• Work to be completed: Exactly the lines from the one that holds "新城市川田　売土地（全3区画）A号地" to the end of the data below: retype these and nothing else.

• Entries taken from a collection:
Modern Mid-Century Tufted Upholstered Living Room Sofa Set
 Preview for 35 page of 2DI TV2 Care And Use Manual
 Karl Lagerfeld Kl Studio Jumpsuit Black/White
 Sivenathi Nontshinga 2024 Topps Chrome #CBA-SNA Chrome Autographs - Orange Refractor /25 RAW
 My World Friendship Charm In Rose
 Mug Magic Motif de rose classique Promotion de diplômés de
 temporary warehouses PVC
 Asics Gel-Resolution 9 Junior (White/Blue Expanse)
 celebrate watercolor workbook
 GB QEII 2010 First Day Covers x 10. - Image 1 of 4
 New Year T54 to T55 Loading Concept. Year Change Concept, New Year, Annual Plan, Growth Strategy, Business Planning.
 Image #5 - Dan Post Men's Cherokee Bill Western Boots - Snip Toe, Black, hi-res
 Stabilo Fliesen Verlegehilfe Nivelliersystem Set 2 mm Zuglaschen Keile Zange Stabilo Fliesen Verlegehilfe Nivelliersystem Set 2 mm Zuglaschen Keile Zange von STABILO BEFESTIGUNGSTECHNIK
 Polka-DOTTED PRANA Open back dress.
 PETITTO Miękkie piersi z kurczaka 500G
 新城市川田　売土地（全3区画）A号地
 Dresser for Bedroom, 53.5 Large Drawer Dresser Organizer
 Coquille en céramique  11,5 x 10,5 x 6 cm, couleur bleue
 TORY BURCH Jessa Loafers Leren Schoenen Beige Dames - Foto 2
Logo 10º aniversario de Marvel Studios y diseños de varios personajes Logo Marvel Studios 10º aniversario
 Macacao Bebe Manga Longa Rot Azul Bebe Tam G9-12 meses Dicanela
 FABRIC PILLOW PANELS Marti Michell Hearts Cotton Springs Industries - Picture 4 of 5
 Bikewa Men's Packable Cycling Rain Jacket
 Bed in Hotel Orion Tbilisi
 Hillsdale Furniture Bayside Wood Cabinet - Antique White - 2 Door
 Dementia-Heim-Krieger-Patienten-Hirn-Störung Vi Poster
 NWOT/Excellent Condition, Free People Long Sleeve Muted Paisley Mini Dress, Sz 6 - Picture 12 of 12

• Output for this task:
 新城市川田　売土地（全3区画）A号地
 Dresser for Bedroom, 53.5 Large Drawer Dresser Organizer
 Coquille en céramique  11,5 x 10,5 x 6 cm, couleur bleue
 TORY BURCH Jessa Loafers Leren Schoenen Beige Dames - Foto 2
Logo 10º aniversario de Marvel Studios y diseños de varios personajes Logo Marvel Studios 10º aniversario
 Macacao Bebe Manga Longa Rot Azul Bebe Tam G9-12 meses Dicanela
 FABRIC PILLOW PANELS Marti Michell Hearts Cotton Springs Industries - Picture 4 of 5
 Bikewa Men's Packable Cycling Rain Jacket
 Bed in Hotel Orion Tbilisi
 Hillsdale Furniture Bayside Wood Cabinet - Antique White - 2 Door
 Dementia-Heim-Krieger-Patienten-Hirn-Störung Vi Poster
 NWOT/Excellent Condition, Free People Long Sleeve Muted Paisley Mini Dress, Sz 6 - Picture 12 of 12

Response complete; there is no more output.